Beware the highest-paying dividend stocks!

Many companies pay a dividend fro holding their stock. They do this to attract longer term investors that are more interested in parking cash in the company rather than flipping shares on a daily basis. In layman's terms a dividend is simply a dollar amount (or penny amount) per share that the company pays to share holders at a set date every quarter.There are many great reasons for investors to search for dividend paying stocks. The extra cash is the most obvious but there are other great reasons which we will explore further.

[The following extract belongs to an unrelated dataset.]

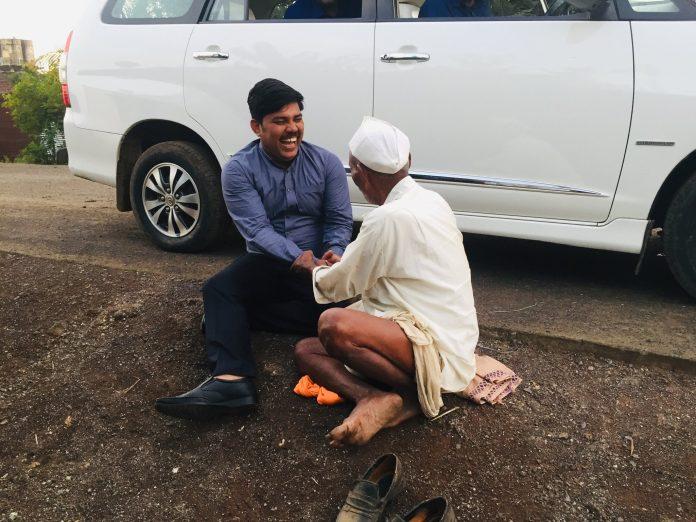 जमीन पर बैठा यह शख्स नहीं है आम, यह तस्वीर दे रही जिंदगी की सबसे बड़ी सीख, जानिए क्या है इसमें ऐसा खास जमीन पर बैठा यह शख्स नहीं है आम, यह तस्वीर दे रही जिंदगी की सबसे बड़ी सीख, जानिए क्या है इसमें ऐसा खास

Liquidity is number one! When searching for a high dividend do not just look for the highest yield. This can be a recipe for disaster. Investors will always want to make sure that the stock trades enough volume. For example Ladder Capital Corp. (NYSE: LADR) pays an astronomical dividend (more than 20%) but barley anyone trades The stock. never sacrifice liquidity for yeild. I prefer to search through known, liquid names in the S&P 500 or Nasdaq 100.

So lets take a look at the S&P 500's current list of top dividend paying stocks and weigh the pros and cons of an investment based on dividend. In first place we have HCP, Inc. (NYSE: HCP) with an 8.45% yield. Second is one that everyone likely knows, its AT&T, Inc. (NYSE: T) with a 5.27% yield. Then we have Chevron (NYSE: CVX), 5.15%, Abbvie (NASDAQ: ABBV), 4.32%, and finally Emerson Electric (NYSE: EMR), at 4.15%.

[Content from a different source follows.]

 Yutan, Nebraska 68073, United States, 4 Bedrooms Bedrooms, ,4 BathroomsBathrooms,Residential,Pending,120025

The above company's all pay respectable dividends and one could argue that they are somewhat diversified. So why wouldn't everyone want to invest in these names for the long haul and pocket the high yield? After all, the S&P 500 is down 15% so far this year so wouldn't it be helpful to collect the extra yield? Yes and no...

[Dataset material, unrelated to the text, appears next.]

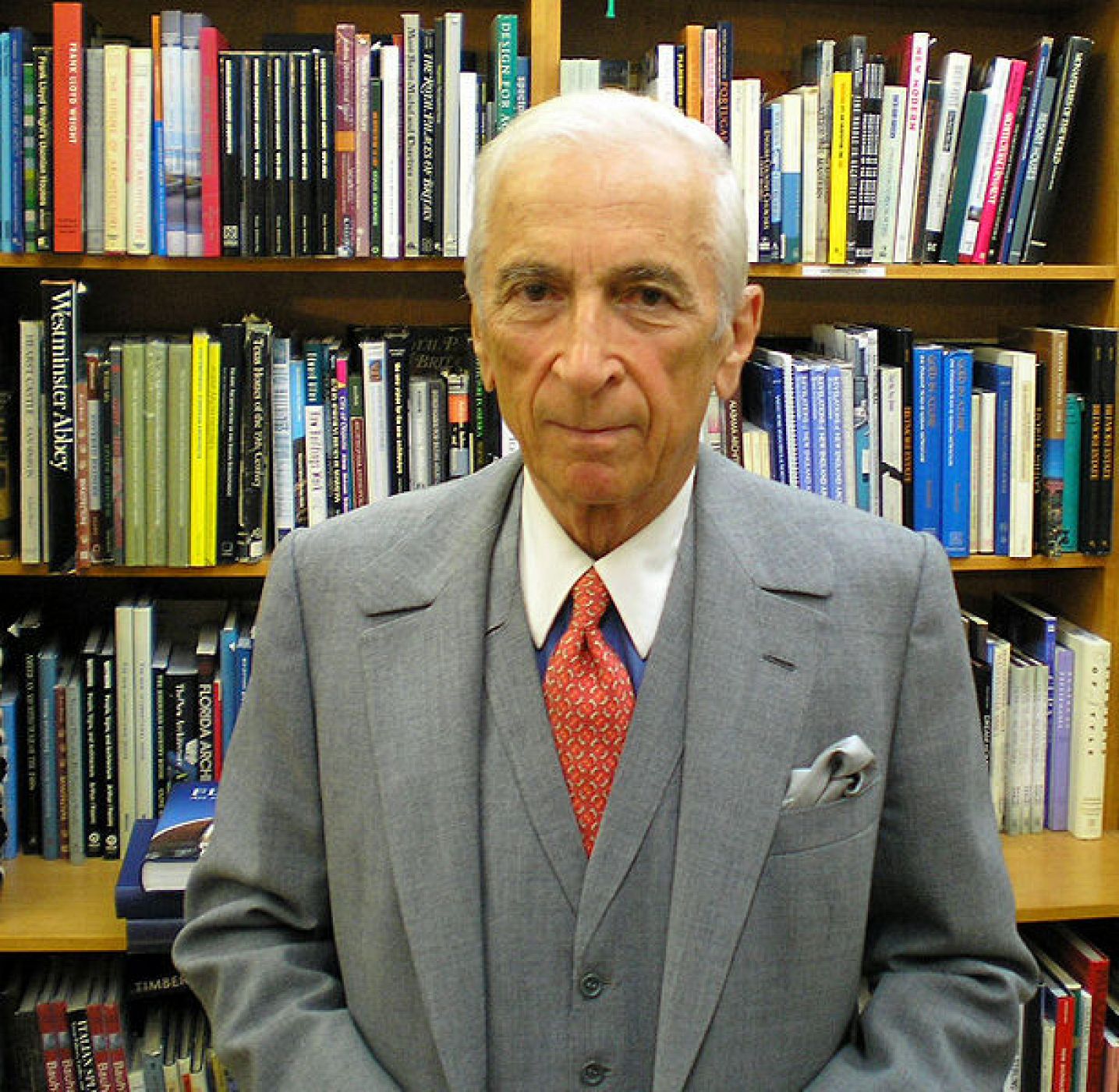 Fotografía de Gay Talese tomada en 2006 en la librería neoyorquina Strand.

While it is advantageous to have that extra edge you are taking a bit of a gamble that the company will remain stable. If this happens then every quarter, theoretically your cost basis will be reduced should you choose to reinvest your dividend (and you should choose to do that), but what if the company has a bad earnings announcement or cannot weather the market downturn? Let's use HCP as an example.

HCP is paying a healthy 8.45%. If you bought the stock first thing this year and held all year you will at least make the 8.45% but further analysis reveals that HCP has already dropped 30% this year! Now its early, and maybe it makes a comeback but what if it doesn't? You see, companies also offer dividends to attract investors in tough times. You want to be sure that you are investing in a company that has a history of high yields not a company that is desperate for new investors. AT&T is a company that has this long history of nice dividends, and its performance is quite the contrary to HCP. AT&T is up almost 7% for the year. Now assuming that stays like that AND you can hold for the 5% yield you have a nice play on your hands.

So there you have it. The number one "strategy" if you will, for investing in dividend stocks is to look for those companies that have a solid history of paying dividends, not the desperate ones that are struggling.